■ **Data**
===

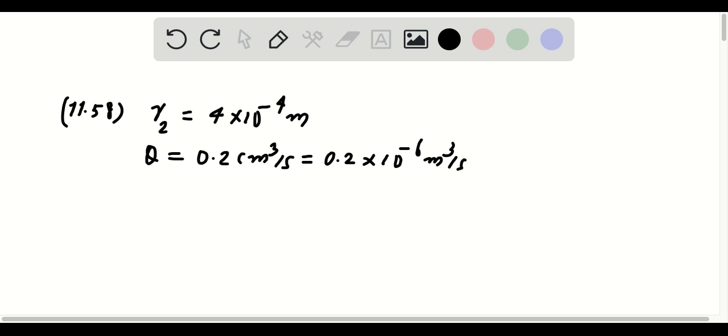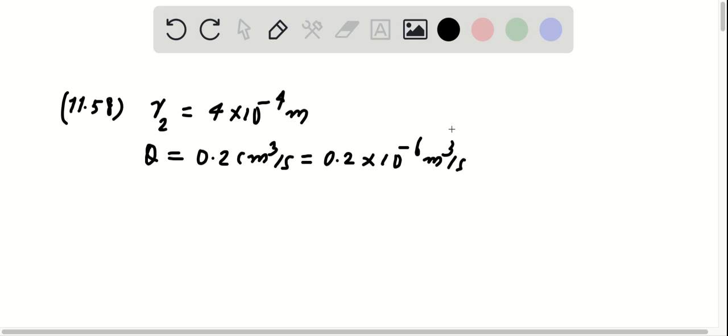To get to the solution of this problem, referring to the passage and figure 11.13b in the text, at position 2 the radius is 4 times 10 to the negative 4 meters, which is the radius of the needle by the way. And the flow rate is given as 0.2 cubic centimeters per second, which is equal to 0.2 times 10 to the negative 6 cubic meters per second.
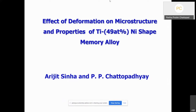Esteemed speakers in the panel, my dear colleagues and my beloved students, at the outset I convey my heartfelt thanks to Professor Chakraborty for giving me this opportunity to be present among the august panel of speakers. The work I am going to present is part of the PhD work of Dr. Argith Sinha, where I acted as one of the supervisors along with Dr. Shubhaprita.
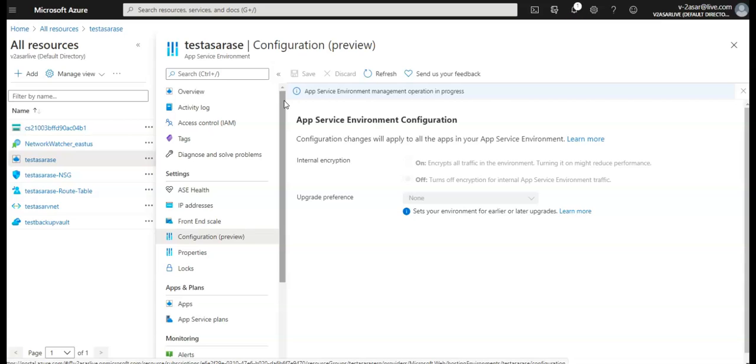We'll try to integrate Application Gateway, we'll create an ASE from the template, we'll do the force tunnel configuration, firewall integration, zone redundancy. Then we'll also see ASE version 3 which is still in preview, and we'll also see how to integrate ASE with a Web Application Firewall which is WAF, and we'll also see some custom ASE settings as well.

===

■ **What is needed**
Exactly restate the lines from the beginning of the data through the line with "Esteemed speakers in", and no others, keeping pictures out.

■ **Answer section**
To get to the solution of this problem, referring to the passage and figure 11.13b in the text, at position 2 the radius is 4 times 10 to the negative 4 meters, which is the radius of the needle by the way. And the flow rate is given as 0.2 cubic centimeters per second, which is equal to 0.2 times 10 to the negative 6 cubic meters per second.
Esteemed speakers in the panel, my dear colleagues and my beloved students, at the outset I convey my heartfelt thanks to Professor Chakraborty for giving me this opportunity to be present among the august panel of speakers. The work I am going to present is part of the PhD work of Dr. Argith Sinha, where I acted as one of the supervisors along with Dr. Shubhaprita.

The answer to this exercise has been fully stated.